_ASSIGNMENT:_ Return the data exactly, with all pictures removed.

_SOURCE DATA:_

****************************************

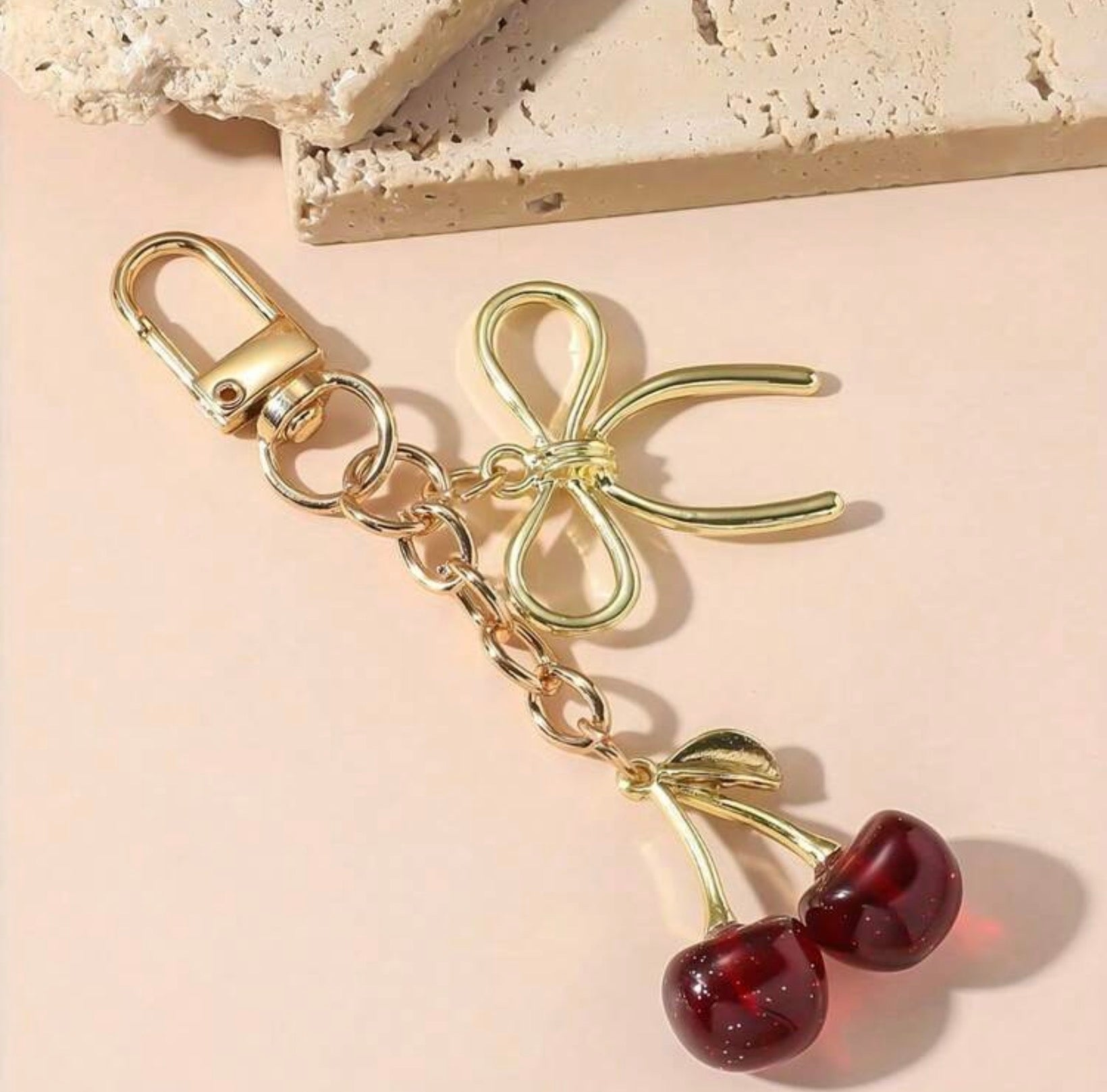 Keychain D-8, Cherry Charm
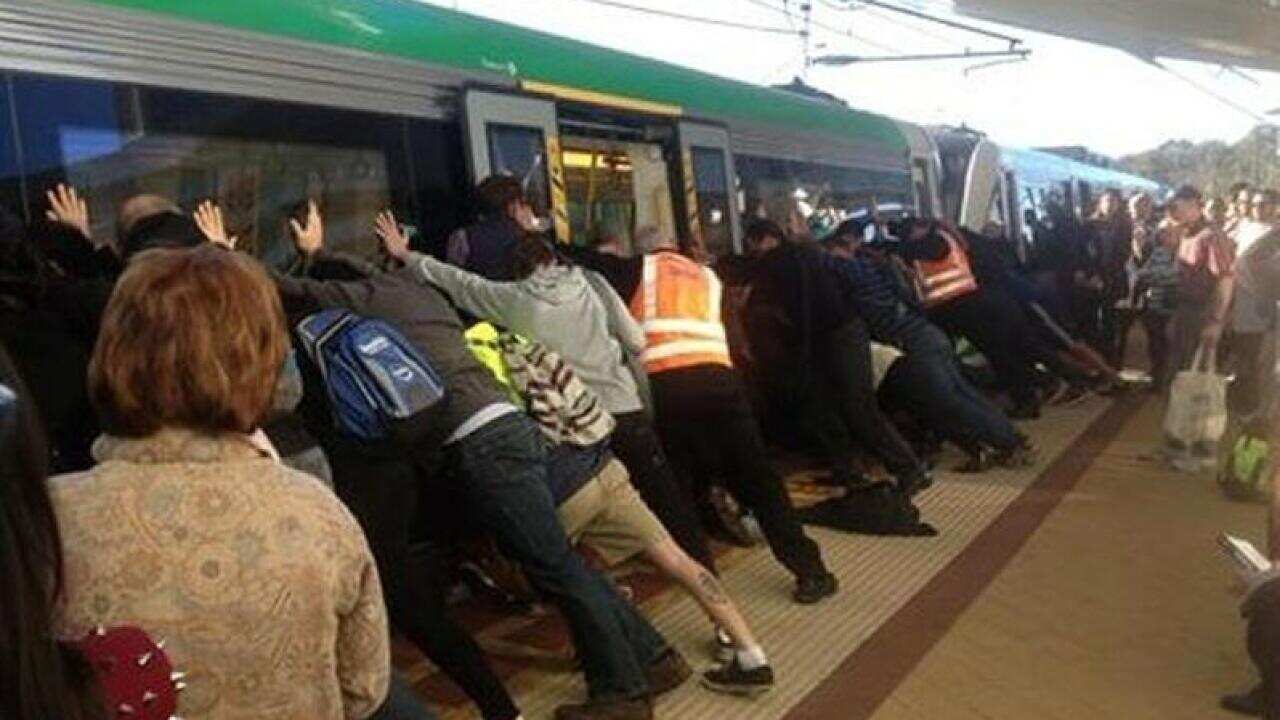 Perth commuters free man caught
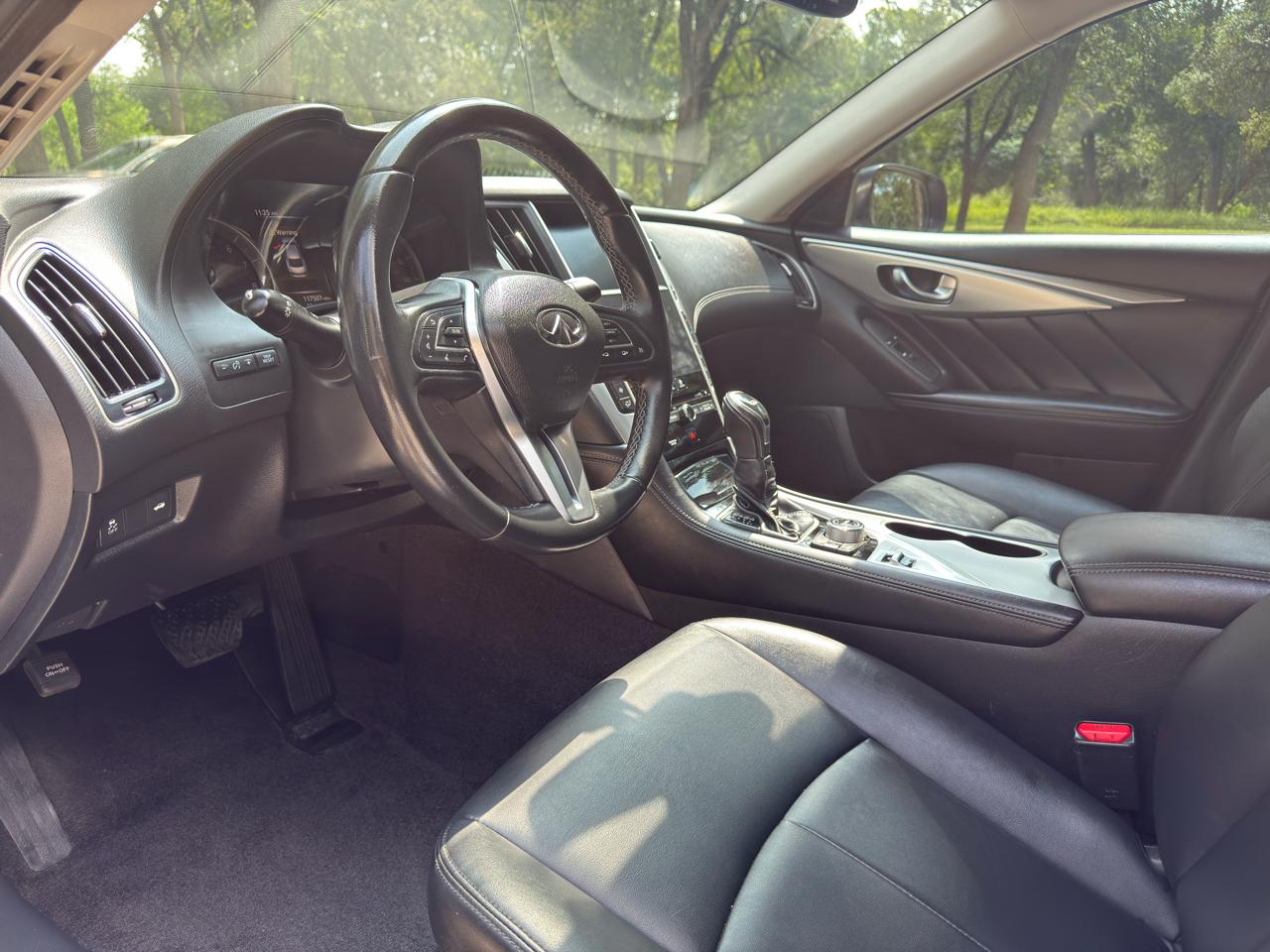 Infiniti Q50 3.0t LUXE 2020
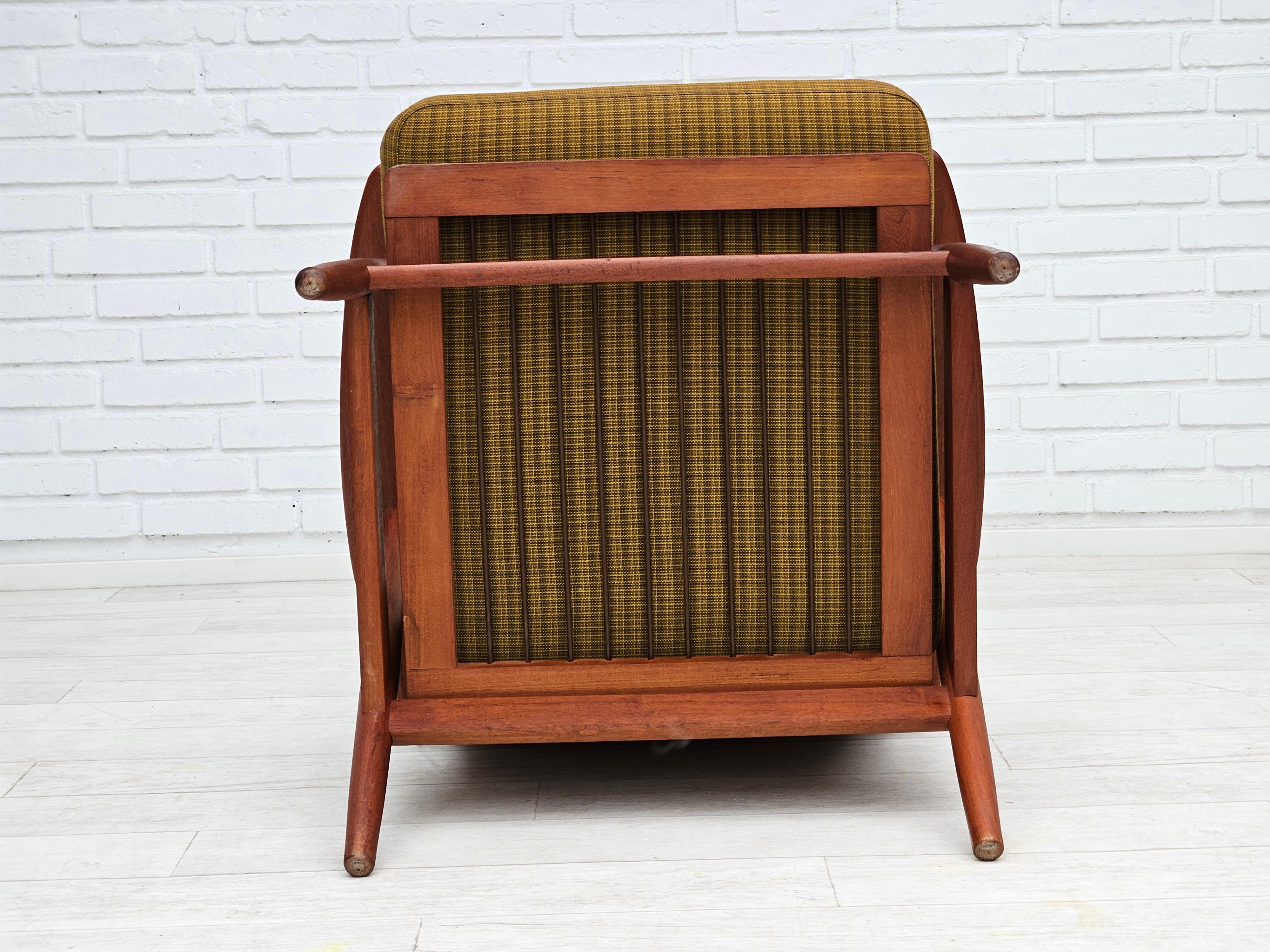 1970er Jahre, dänischer Teakholz-Sessel, Originalzustand, grüner Möbelstoff. (Stoff) im Angebot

****************************************

_EXPECTED OUTPUT:_
 Keychain D-8, Cherry Charm
 Perth commuters free man caught
 Infiniti Q50 3.0t LUXE 2020
 1970er Jahre, dänischer Teakholz-Sessel, Originalzustand, grüner Möbelstoff. (Stoff) im Angebot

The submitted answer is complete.